## BRIEF
The records that follow are to be given again exactly.

• • • •

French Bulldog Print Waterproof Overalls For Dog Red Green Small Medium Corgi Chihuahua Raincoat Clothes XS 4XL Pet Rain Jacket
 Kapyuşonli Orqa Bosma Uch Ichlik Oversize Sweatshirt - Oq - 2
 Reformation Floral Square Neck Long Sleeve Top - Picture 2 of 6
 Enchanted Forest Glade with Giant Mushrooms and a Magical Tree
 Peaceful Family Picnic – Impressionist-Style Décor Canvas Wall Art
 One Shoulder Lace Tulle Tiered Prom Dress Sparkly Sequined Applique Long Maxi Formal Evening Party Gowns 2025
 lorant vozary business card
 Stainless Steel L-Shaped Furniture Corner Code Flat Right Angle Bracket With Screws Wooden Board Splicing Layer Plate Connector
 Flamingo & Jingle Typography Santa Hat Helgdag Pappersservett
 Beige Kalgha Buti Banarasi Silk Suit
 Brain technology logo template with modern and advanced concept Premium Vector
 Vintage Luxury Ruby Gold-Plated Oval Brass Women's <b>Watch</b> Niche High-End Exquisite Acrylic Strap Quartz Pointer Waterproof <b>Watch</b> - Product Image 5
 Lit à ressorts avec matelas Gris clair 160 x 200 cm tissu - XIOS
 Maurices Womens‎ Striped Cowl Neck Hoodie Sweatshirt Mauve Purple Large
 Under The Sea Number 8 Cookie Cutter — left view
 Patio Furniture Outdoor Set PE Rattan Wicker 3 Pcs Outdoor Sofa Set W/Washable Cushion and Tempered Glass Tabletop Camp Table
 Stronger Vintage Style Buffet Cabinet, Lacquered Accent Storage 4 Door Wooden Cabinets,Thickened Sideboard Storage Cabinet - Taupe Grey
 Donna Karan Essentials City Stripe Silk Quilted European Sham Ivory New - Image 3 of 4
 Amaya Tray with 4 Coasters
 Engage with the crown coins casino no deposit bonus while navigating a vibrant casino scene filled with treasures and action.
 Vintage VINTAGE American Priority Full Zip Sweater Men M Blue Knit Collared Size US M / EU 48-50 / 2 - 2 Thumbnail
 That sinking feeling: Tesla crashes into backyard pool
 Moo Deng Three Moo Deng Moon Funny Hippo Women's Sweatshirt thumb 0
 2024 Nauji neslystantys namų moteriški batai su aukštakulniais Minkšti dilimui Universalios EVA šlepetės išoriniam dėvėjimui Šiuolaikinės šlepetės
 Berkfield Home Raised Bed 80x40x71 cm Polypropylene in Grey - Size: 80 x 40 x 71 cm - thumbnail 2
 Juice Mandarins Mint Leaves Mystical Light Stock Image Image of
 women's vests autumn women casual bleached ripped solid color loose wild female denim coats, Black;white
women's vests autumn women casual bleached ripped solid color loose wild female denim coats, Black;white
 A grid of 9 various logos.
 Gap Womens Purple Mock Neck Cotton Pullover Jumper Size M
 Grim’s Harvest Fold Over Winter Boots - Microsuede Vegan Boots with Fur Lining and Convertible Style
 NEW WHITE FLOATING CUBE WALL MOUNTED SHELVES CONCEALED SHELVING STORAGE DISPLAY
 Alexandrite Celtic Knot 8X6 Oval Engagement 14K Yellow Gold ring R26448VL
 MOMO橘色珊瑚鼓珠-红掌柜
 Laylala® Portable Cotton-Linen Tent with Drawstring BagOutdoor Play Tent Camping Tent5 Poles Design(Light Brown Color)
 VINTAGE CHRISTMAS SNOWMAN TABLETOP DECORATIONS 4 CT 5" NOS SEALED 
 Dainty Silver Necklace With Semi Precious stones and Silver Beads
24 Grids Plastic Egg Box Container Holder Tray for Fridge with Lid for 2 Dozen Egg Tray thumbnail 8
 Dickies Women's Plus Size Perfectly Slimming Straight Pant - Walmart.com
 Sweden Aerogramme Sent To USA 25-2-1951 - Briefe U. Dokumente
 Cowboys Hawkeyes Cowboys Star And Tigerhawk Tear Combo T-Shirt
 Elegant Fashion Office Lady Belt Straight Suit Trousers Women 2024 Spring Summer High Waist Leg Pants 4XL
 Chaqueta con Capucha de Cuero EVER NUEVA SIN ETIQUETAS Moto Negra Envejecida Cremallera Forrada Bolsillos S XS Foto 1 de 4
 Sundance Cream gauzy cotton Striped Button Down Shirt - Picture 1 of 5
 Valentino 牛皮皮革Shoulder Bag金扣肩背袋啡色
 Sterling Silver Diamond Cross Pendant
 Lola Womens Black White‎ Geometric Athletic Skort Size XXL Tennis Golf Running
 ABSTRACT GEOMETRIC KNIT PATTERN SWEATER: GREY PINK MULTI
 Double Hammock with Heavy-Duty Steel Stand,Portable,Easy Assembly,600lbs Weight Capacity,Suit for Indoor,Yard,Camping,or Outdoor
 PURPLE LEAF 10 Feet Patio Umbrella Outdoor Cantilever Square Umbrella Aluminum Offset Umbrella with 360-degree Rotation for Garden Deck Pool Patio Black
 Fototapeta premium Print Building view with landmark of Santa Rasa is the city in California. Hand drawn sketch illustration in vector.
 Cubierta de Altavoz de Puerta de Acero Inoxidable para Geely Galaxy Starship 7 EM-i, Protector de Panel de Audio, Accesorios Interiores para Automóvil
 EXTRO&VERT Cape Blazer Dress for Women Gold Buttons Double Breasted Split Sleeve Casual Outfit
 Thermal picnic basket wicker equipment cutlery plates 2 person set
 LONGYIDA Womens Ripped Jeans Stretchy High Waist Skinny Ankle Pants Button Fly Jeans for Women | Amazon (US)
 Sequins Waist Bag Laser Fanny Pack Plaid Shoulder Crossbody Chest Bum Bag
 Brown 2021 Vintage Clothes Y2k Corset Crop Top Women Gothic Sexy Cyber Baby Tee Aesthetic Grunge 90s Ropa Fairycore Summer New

• • • •

## TASK OUTPUT
French Bulldog Print Waterproof Overalls For Dog Red Green Small Medium Corgi Chihuahua Raincoat Clothes XS 4XL Pet Rain Jacket
 Kapyuşonli Orqa Bosma Uch Ichlik Oversize Sweatshirt - Oq - 2
 Reformation Floral Square Neck Long Sleeve Top - Picture 2 of 6
 Enchanted Forest Glade with Giant Mushrooms and a Magical Tree
 Peaceful Family Picnic – Impressionist-Style Décor Canvas Wall Art
 One Shoulder Lace Tulle Tiered Prom Dress Sparkly Sequined Applique Long Maxi Formal Evening Party Gowns 2025
 lorant vozary business card
 Stainless Steel L-Shaped Furniture Corner Code Flat Right Angle Bracket With Screws Wooden Board Splicing Layer Plate Connector
 Flamingo & Jingle Typography Santa Hat Helgdag Pappersservett
 Beige Kalgha Buti Banarasi Silk Suit
 Brain technology logo template with modern and advanced concept Premium Vector
 Vintage Luxury Ruby Gold-Plated Oval Brass Women's <b>Watch</b> Niche High-End Exquisite Acrylic Strap Quartz Pointer Waterproof <b>Watch</b> - Product Image 5
 Lit à ressorts avec matelas Gris clair 160 x 200 cm tissu - XIOS
 Maurices Womens‎ Striped Cowl Neck Hoodie Sweatshirt Mauve Purple Large
 Under The Sea Number 8 Cookie Cutter — left view
 Patio Furniture Outdoor Set PE Rattan Wicker 3 Pcs Outdoor Sofa Set W/Washable Cushion and Tempered Glass Tabletop Camp Table
 Stronger Vintage Style Buffet Cabinet, Lacquered Accent Storage 4 Door Wooden Cabinets,Thickened Sideboard Storage Cabinet - Taupe Grey
 Donna Karan Essentials City Stripe Silk Quilted European Sham Ivory New - Image 3 of 4
 Amaya Tray with 4 Coasters
 Engage with the crown coins casino no deposit bonus while navigating a vibrant casino scene filled with treasures and action.
 Vintage VINTAGE American Priority Full Zip Sweater Men M Blue Knit Collared Size US M / EU 48-50 / 2 - 2 Thumbnail
 That sinking feeling: Tesla crashes into backyard pool
 Moo Deng Three Moo Deng Moon Funny Hippo Women's Sweatshirt thumb 0
 2024 Nauji neslystantys namų moteriški batai su aukštakulniais Minkšti dilimui Universalios EVA šlepetės išoriniam dėvėjimui Šiuolaikinės šlepetės
 Berkfield Home Raised Bed 80x40x71 cm Polypropylene in Grey - Size: 80 x 40 x 71 cm - thumbnail 2
 Juice Mandarins Mint Leaves Mystical Light Stock Image Image of
 women's vests autumn women casual bleached ripped solid color loose wild female denim coats, Black;white
women's vests autumn women casual bleached ripped solid color loose wild female denim coats, Black;white
 A grid of 9 various logos.
 Gap Womens Purple Mock Neck Cotton Pullover Jumper Size M
 Grim’s Harvest Fold Over Winter Boots - Microsuede Vegan Boots with Fur Lining and Convertible Style
 NEW WHITE FLOATING CUBE WALL MOUNTED SHELVES CONCEALED SHELVING STORAGE DISPLAY
 Alexandrite Celtic Knot 8X6 Oval Engagement 14K Yellow Gold ring R26448VL
 MOMO橘色珊瑚鼓珠-红掌柜
 Laylala® Portable Cotton-Linen Tent with Drawstring BagOutdoor Play Tent Camping Tent5 Poles Design(Light Brown Color)
 VINTAGE CHRISTMAS SNOWMAN TABLETOP DECORATIONS 4 CT 5" NOS SEALED 
 Dainty Silver Necklace With Semi Precious stones and Silver Beads
24 Grids Plastic Egg Box Container Holder Tray for Fridge with Lid for 2 Dozen Egg Tray thumbnail 8
 Dickies Women's Plus Size Perfectly Slimming Straight Pant - Walmart.com
 Sweden Aerogramme Sent To USA 25-2-1951 - Briefe U. Dokumente
 Cowboys Hawkeyes Cowboys Star And Tigerhawk Tear Combo T-Shirt
 Elegant Fashion Office Lady Belt Straight Suit Trousers Women 2024 Spring Summer High Waist Leg Pants 4XL
 Chaqueta con Capucha de Cuero EVER NUEVA SIN ETIQUETAS Moto Negra Envejecida Cremallera Forrada Bolsillos S XS Foto 1 de 4
 Sundance Cream gauzy cotton Striped Button Down Shirt - Picture 1 of 5
 Valentino 牛皮皮革Shoulder Bag金扣肩背袋啡色
 Sterling Silver Diamond Cross Pendant
 Lola Womens Black White‎ Geometric Athletic Skort Size XXL Tennis Golf Running
 ABSTRACT GEOMETRIC KNIT PATTERN SWEATER: GREY PINK MULTI
 Double Hammock with Heavy-Duty Steel Stand,Portable,Easy Assembly,600lbs Weight Capacity,Suit for Indoor,Yard,Camping,or Outdoor
 PURPLE LEAF 10 Feet Patio Umbrella Outdoor Cantilever Square Umbrella Aluminum Offset Umbrella with 360-degree Rotation for Garden Deck Pool Patio Black
 Fototapeta premium Print Building view with landmark of Santa Rasa is the city in California. Hand drawn sketch illustration in vector.
 Cubierta de Altavoz de Puerta de Acero Inoxidable para Geely Galaxy Starship 7 EM-i, Protector de Panel de Audio, Accesorios Interiores para Automóvil
 EXTRO&VERT Cape Blazer Dress for Women Gold Buttons Double Breasted Split Sleeve Casual Outfit
 Thermal picnic basket wicker equipment cutlery plates 2 person set
 LONGYIDA Womens Ripped Jeans Stretchy High Waist Skinny Ankle Pants Button Fly Jeans for Women | Amazon (US)
 Sequins Waist Bag Laser Fanny Pack Plaid Shoulder Crossbody Chest Bum Bag
 Brown 2021 Vintage Clothes Y2k Corset Crop Top Women Gothic Sexy Cyber Baby Tee Aesthetic Grunge 90s Ropa Fairycore Summer New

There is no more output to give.